Skip the pictures and return every entry exactly as written.

Short descriptive text snippets:
======

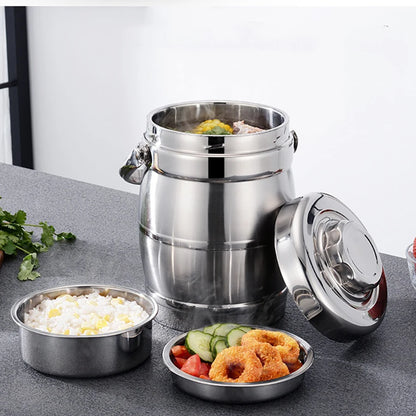 Stainless Steel Insulation Barrel Portable Insulated Lunch Box Drum Shape 3 Layer Round Lunch Box Stainless steel thermal Pot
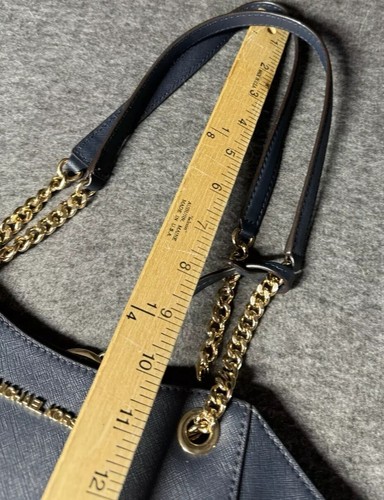 Michael Kors Azul Marino MK Oro Cadena Correas Jet Set Viaje Grande Bolso Cartera Nuevo sin Etiquetas - Imagen 12 de 15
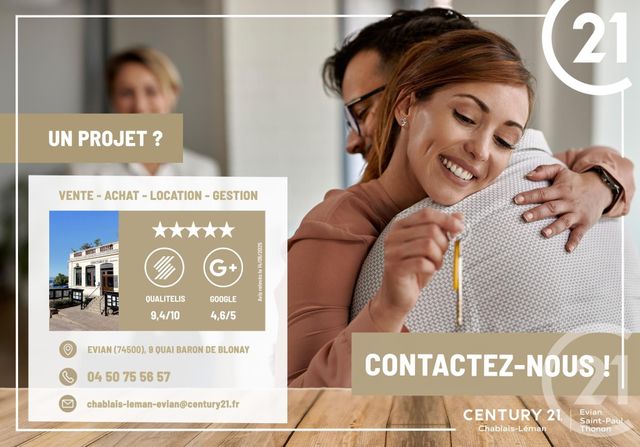 Appartement F2 &agrave; vendre - 2 pi&egrave;ces - 48,32 m2 - Publier - 74 - RHONE-ALPES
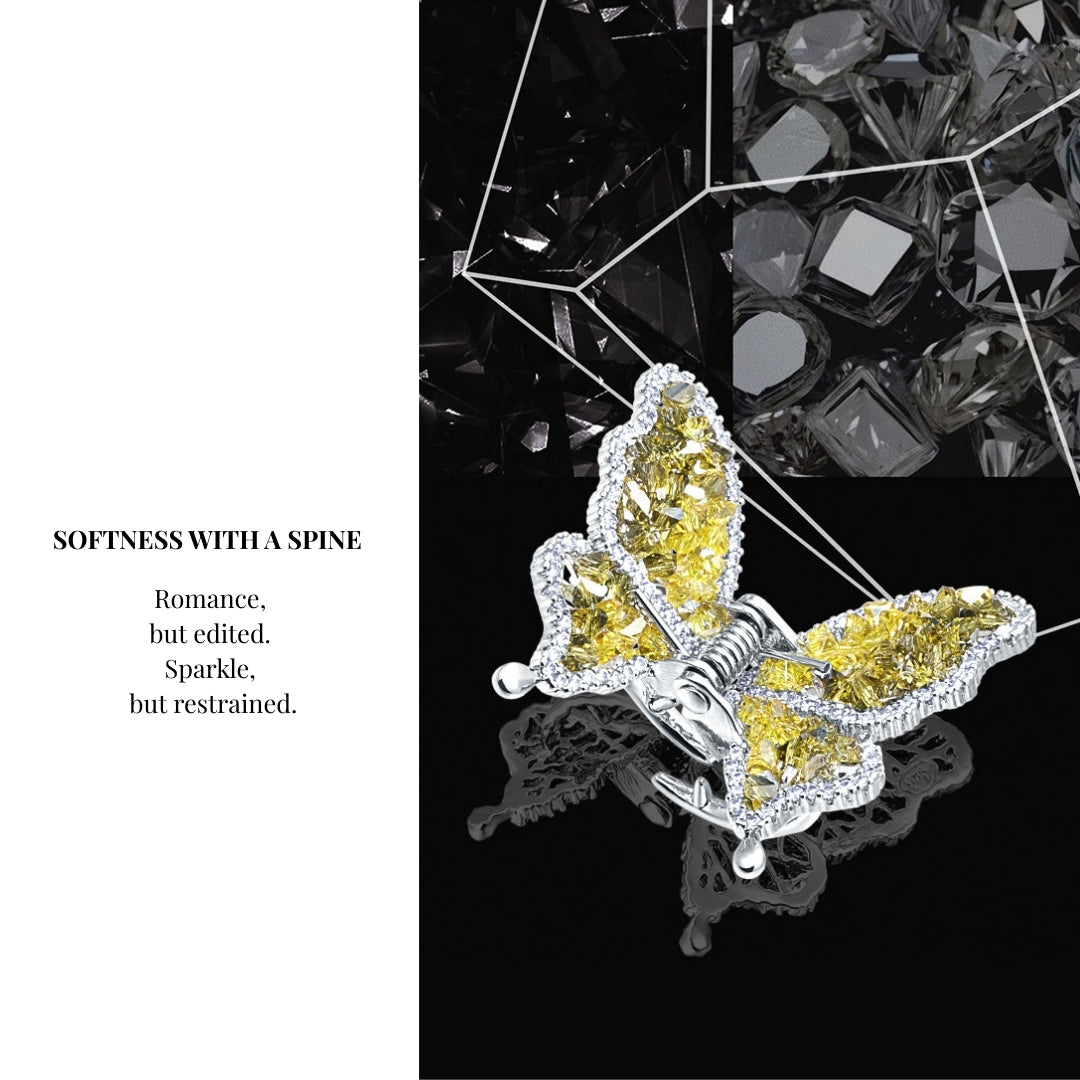 Champagne Wing Crystal Clip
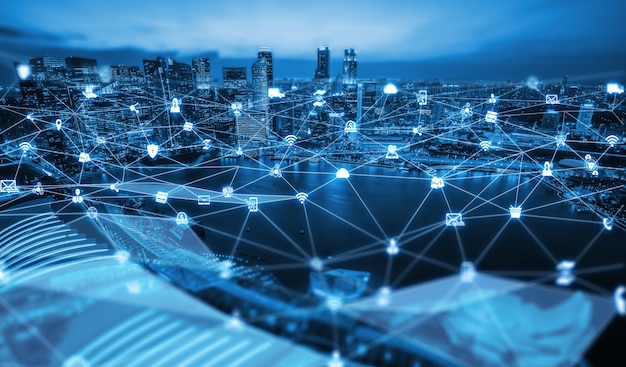 the modern creative communication and internet network connect in smart city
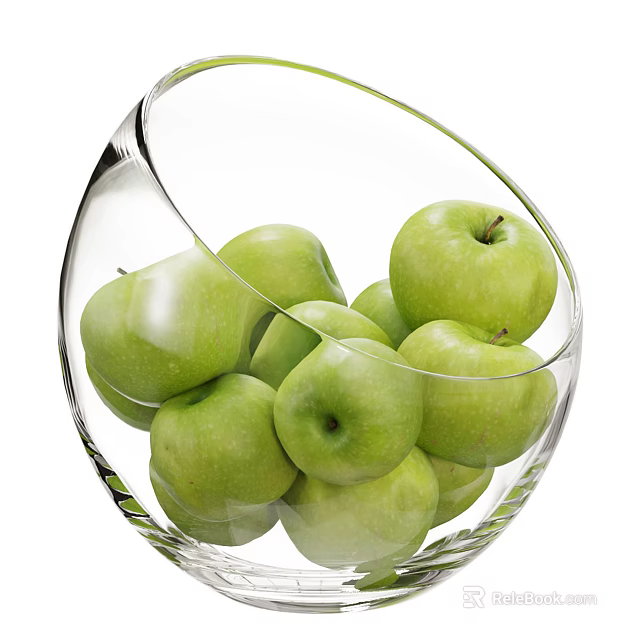 Ceramic Fruit Bowl Filled With Fresh Green Apples For Kitchen Tabletop Decor 3d model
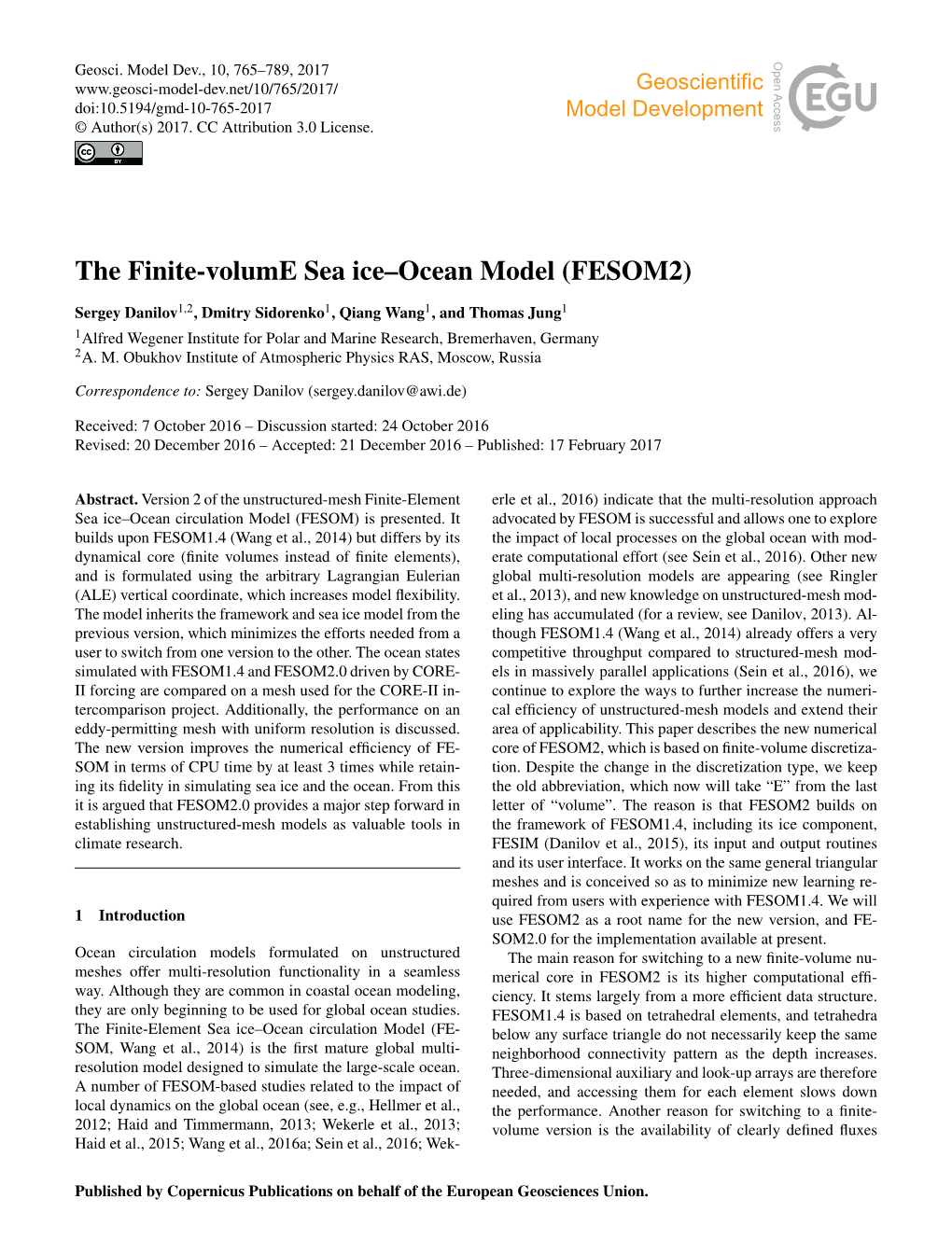 The Finite-Volume Sea Ice–Ocean Model (FESOM2)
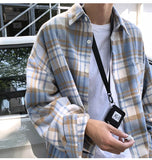 Green Woolen Plaid Shirt Coat Men's Loose Korean Thickened Long Sleeve Male Casual Blouses Unisex Fashion Clothing aidase-shop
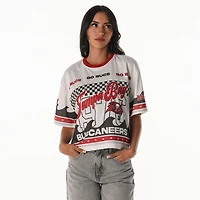 T-shirt court en maille blanc The Wild Collective pour femme des Tampa Bay Buccaneers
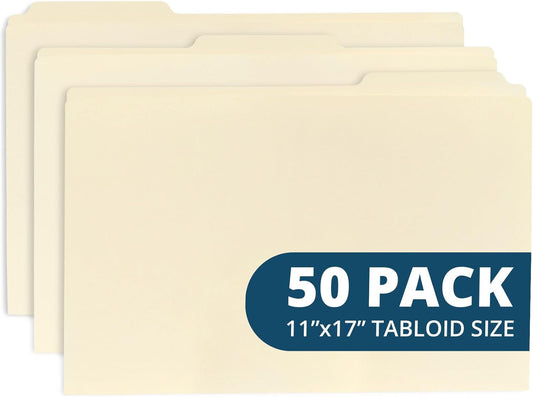 11x17 File Folders for Blueprints and Plans - 50 Pack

======

Finished exercise
 Stainless Steel Insulation Barrel Portable Insulated Lunch Box Drum Shape 3 Layer Round Lunch Box Stainless steel thermal Pot
 Michael Kors Azul Marino MK Oro Cadena Correas Jet Set Viaje Grande Bolso Cartera Nuevo sin Etiquetas - Imagen 12 de 15
 Appartement F2 &agrave; vendre - 2 pi&egrave;ces - 48,32 m2 - Publier - 74 - RHONE-ALPES
 Champagne Wing Crystal Clip
 the modern creative communication and internet network connect in smart city
 Ceramic Fruit Bowl Filled With Fresh Green Apples For Kitchen Tabletop Decor 3d model
 The Finite-Volume Sea Ice–Ocean Model (FESOM2)
 Green Woolen Plaid Shirt Coat Men's Loose Korean Thickened Long Sleeve Male Casual Blouses Unisex Fashion Clothing aidase-shop
 T-shirt court en maille blanc The Wild Collective pour femme des Tampa Bay Buccaneers
 11x17 File Folders for Blueprints and Plans - 50 Pack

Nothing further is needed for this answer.